Sunday 5 June 2016

Day 13 - OCD

I forgive myself that I have accepted and allowed myself to participate in a fear of not having locked the doors properly.

I forgive myself that I have accepted and allowed myself to connect not locking the doors properly to fear, thus I forgive myself for accepting and allowing myself to fear my own fear.

I forgive myself that I have accepted and allowed myself to participate i the belief that I have not locked something properly if I have not checked it a dozen times over.

I forgive myself that I have accepted and allowed myself to participate in the belief that I am checking because ‘something may have happened between my last check, and this very moment - something may have changed, the lock may have broken and become unfunctional - hence I must check it again’.
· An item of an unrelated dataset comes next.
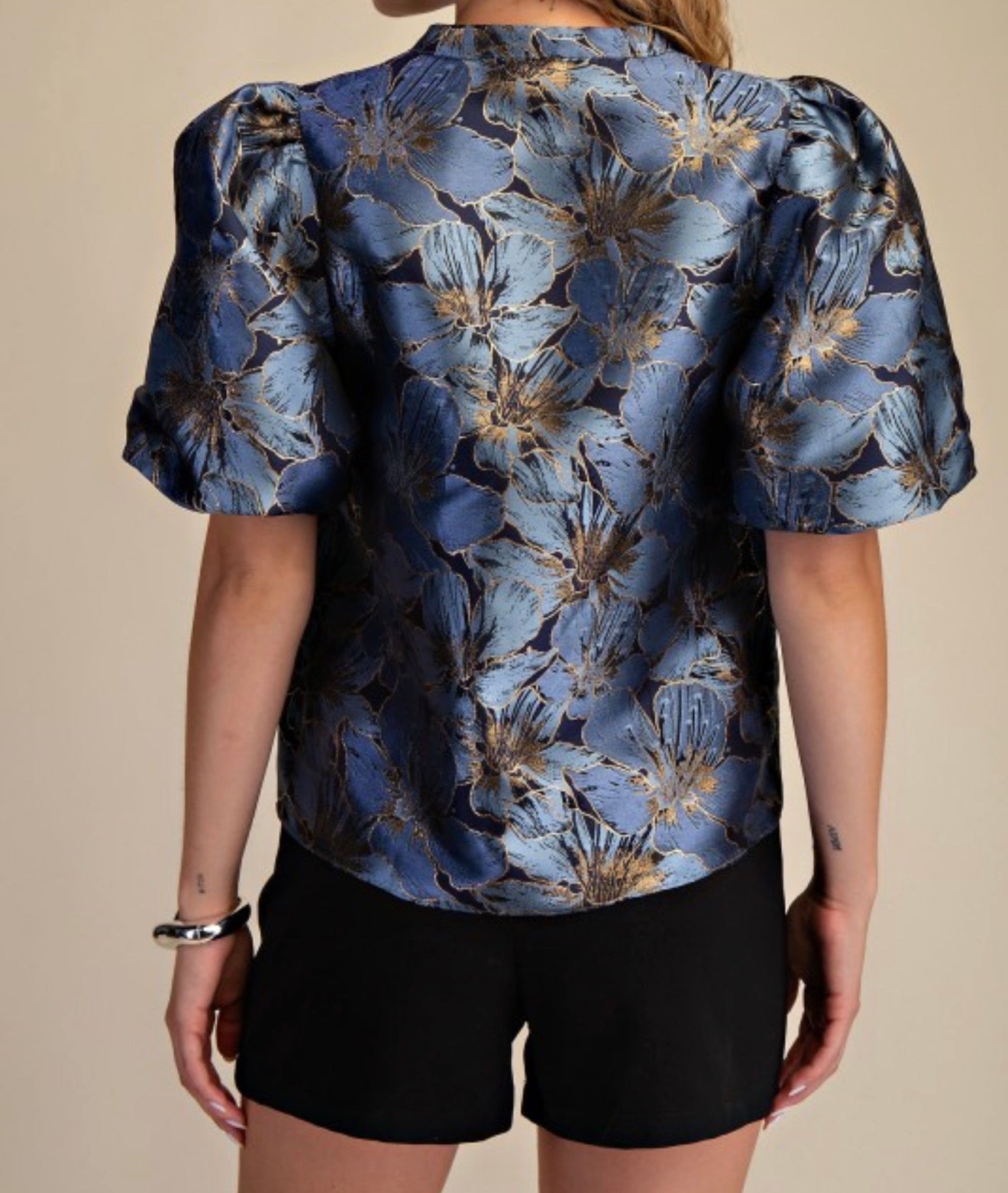 V-Neck Puff Sleeve Top in Blue & Black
I forgive myself that I have accepted and allowed myself to constantly participate in the thought that something could have changed within the locking mechanism since the last moment I checked it.
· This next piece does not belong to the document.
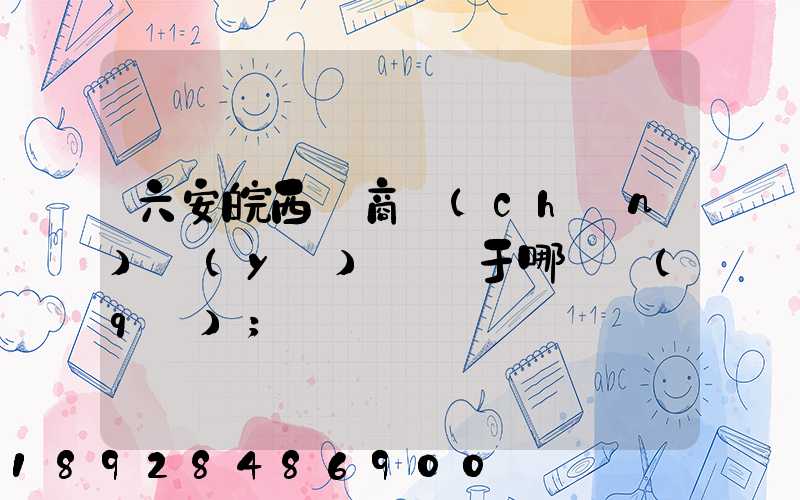 六安皖西電商產(chǎn)業(yè)園屬于哪個區(qū)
I forgive myself that I have accepted and allowed myself to participate in the belief that ‘I have a responsibility to check these doors and locks, for if I do not check them properly something bad may happen, and then I will be responsible for it’.
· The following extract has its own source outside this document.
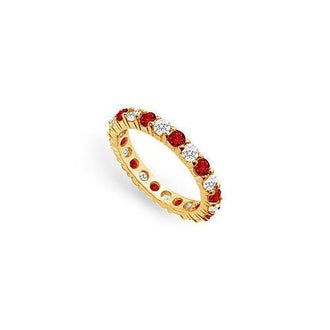 Diamond and Ruby Eternity Band : 14K Yellow Gold   2.00 CT TGW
I forgive myself that I have accepted and allowed myself to participate in a fear of not having locked my bicycle properly, not seeing, realising, or understanding that within all of these situations I can and have seen that the door, window, padlock, lock, has all be locked effectively and properly, hence there is no need to check it, but I allow myself to participate in the niggling thought ‘perhaps I didn’t do it right this time?’

Thus I forgive myself for accepting and allowing myself to participate in a second guessing of myself when it comes to locking up a place or a thing in my reality.

I forgive myself that I have accepted and allowed myself to participate in a fear of the front door not being locked properly, I forgive myself that I have accepted and allowed myself to connect the front door not being locked properly to fear, and thus I forgive myself for allowing myself to fear my own fear.

I forgive myself that I have accepted and allowed myself to participate in a fear of the key being left in the door and someone taking and copying it, and then later breaking into my house.

I forgive myself that I have accepted and allowed myself to connect the key being left in the door to fear, thus I forgive myself for accepting and allowing myself to fear my own fear.

I forgive myself that I have accepted and allowed myself to participate in the belief locks need to be checked a lot of times before I can deem them safe.

I forgive myself that I have accepted and allowed myself to participate in a fear of being held responsible for something that I am ‘in charge’ of locking up, fearing that I will be seen as someone who is not able to take responsibility for things effectively.

I forgive myself that I have accepted and allowed myself to participate in a fear of losing my job if I do not lock up properly.

When and as I see myself participating in the act of checking a door, window, lock, or padlock more than 3 times because I fear that it is not closed properly - I stop and I breathe. I will myself to slow down at what i have physically done, and to then stop and move on to the next thing that needs to be locked. I will myself to stop second guessing myself through seeing, realising, and understanding that I have done what I was supposed to do - that there is nothing else that can be done, and that hanging around and constantly checking is not going to change the fact that the door, window, lock, or padlock is Locked.

When and as I see myself participating in the thought ‘but what if I have not done it right this time?’ - I stop and I breathe. I will myself to see, realise, and understand that this fear is all me, and within this to realise that there is no use second guessing myself if I have already checked the thing a few times, it does not need to be checked again five more times, this is only showing me that I have become possessed with fear.